Giovanni Mantovani, direttore generale di Veronafiere e Vinitaly, lancia l’allarme: l’Italia del vino è troppo concentrata sul mercato europeo.
Prendendo spunto dai dati definitivi sull’export 2017, che confermano il raggiungimento del nuovo record commerciale per il settore con un fatturato estero di 5,9 miliardi di euro (+6,2%), il numero uno della società fieristica dove tra un mese esatto si aprirà la kermesse del vino afferma: “Questo risultato non rende ancora giustizia alla grande qualità delle nostre produzioni. Cresciamo più nella qualità in vigna e in cantina che nel valore sui mercati”. E la causa di tutto ciò viene individuata nella eccessiva concentrazione in alcuni mercati. E se in vetta alla classifica dell’export si confermano gli Stati Uniti, dove l’Italia è cresciuta poco e sicuramente meno dei francesi che ci hanno tolto il primato, il secondo e terzo posto è occupato da due realtà europee, Germania e Gran Bretagna. La Germania in particolare, per quanto solido, non è certo il mercato più dinamico nel panorama internazionale per il wine business, ma Mantovani pone l’accento su un fatto: “Il nostro export rimane pericolosamente ancorato sui primi tre Paesi di sbocco, dove si registra un indice di concentrazione delle nostre vendite del 53,4%, molto più di Francia e Spagna che allo stesso indice si fermano rispettivamente al 38,5% e 35,2%”.

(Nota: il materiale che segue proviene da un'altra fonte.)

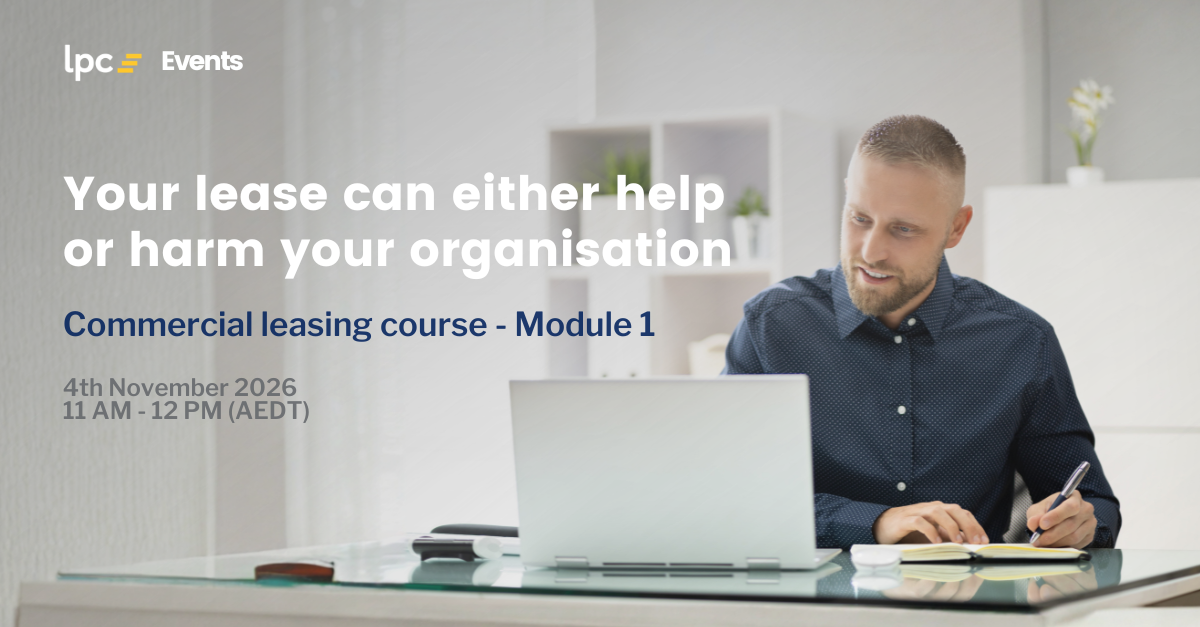 Your lease can either help or harm your organisation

Ed è proprio per accompagnare le aziende italiane a crescere in tutti i mercati, ottenendo così una riduzione di tale indice, che al prossimo Vinitaly verrà presentato uno studio condotto assieme a Nomisma Wine Monitor sui trend a 5 anni dei top buyer mondiali di vino e su un approfondimento dedicato agli Usa.
Secondo le elaborazioni di Vinitaly-Nomisma su base dati ufficiali dei diversi Paesi produttori, l’anno scorso si è chiuso con un nuovo record in valore dell’export mondiale di vino – oltre 31 miliardi di euro – con i principali player in grande crescita. Nella classifica per performance anno su anno vince l’Australia (+15,1% per un controvalore di 1,8 miliardi di euro), seguita dalla Francia (+9,9%, 9,1 miliardi di euro), dalla Spagna (+6,5%, 2,8 miliardi di euro), dal Cile (+6,3%, 1,8 miliardi) e dall’Italia (+6,2%, 5,9 miliardi di euro). I produttori italiani si sono difesi soprattutto grazie agli spumanti, che sono aumentati del 13,6% raggiungendo un giro d’affari estero di 1,4 miliardi di euro, mentre i fermi imbottigliati hanno limitato la progressione fermandosi al +4,4% per un controvalore di 4,2 miliardi di euro.
Nel confronto in valore tra Italia e Francia, prevale nettamente la concorrenza transalpina. Analizzando le due aree chiave per le esportazioni, Usa ed Asia, gli Stati Uniti si confermano il principale importatore mondiale e nel 2017 hanno aumentato gli acquisti dalla Francia del 14,3% per un totale di 1,6 miliardi di euro, mentre l’Italia è cresciuta del 3,6% a 1,4 miliardi di euro; quanto all’Asia, la distanza è siderale con 2,45 miliardi di euro per i francesi (27% delle vendite globali transalpine) e appena 419 milioni di euro per l’Italia (7%).